Anna is an outsider here. Her parents are Chinese, but she cannot talk to her schoolmates because she grew up in America.
This small girl with watchful dark eyes was at the center of one of the longest custody battles in the U.S. in recent times, a high-profile seven-year dispute marked by racial and cultural undercurrents. On one side were the Bakers, a white family in suburban Memphis, Tenn. On the other were the Hes (pronounced HUHS), immigrants scraping by with low-paying jobs before they returned to China.
The legal fight is finally over. And a new story has started for Anna.
Last year the Tennessee Supreme Court ordered her returned to the Chinese couple, and the family moved to China in February. Since then, Anna has lived in two cities and attended three schools. After her parents' marriage fell apart, she was sent to boarding school this fall and goes home on weekends.

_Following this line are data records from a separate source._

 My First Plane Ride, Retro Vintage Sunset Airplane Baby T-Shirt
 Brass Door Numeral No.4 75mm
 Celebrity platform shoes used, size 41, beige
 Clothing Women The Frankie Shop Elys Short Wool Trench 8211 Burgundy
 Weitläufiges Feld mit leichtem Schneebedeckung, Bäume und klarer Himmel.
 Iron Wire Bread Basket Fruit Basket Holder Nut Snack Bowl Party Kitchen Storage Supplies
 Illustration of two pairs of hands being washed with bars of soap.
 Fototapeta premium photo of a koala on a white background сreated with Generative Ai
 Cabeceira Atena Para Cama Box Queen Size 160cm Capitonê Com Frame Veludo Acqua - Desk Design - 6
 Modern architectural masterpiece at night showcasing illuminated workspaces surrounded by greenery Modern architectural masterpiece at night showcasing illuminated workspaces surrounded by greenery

"I really don't like living at school," Anna murmurs in English, buttoning and unbuttoning her sweater absently as the other girls flutter bed sheets in the air.
___
Anna was born on Jan. 28, 1999, a few weeks after her father was accused of sexual assault by a fellow student at the University of Memphis. Shaoqiang He lost his scholarship and graduate student stipend, although he was ultimately found not guilty.
With very little income and no health insurance, the Hes asked an adoption agency to find a foster family until they got back on their feet. Anna went to live with Jerry and Louise Baker when she was less than a month old.
In June that year, the Hes signed court papers that transferred custody of Anna to the Bakers so she could get health insurance. The Bakers eventually sought to adopt Anna, saying the Hes had abandoned her.
Anna's parents wanted her back, and the case wound through four different courts. One judge suggested the couple only wanted to keep Anna to avoid getting deported, calling Anna's natural father deceitful and the actions of her mother "calculating, almost theatrical." For five years, the courts did not allow the Hes to see Anna.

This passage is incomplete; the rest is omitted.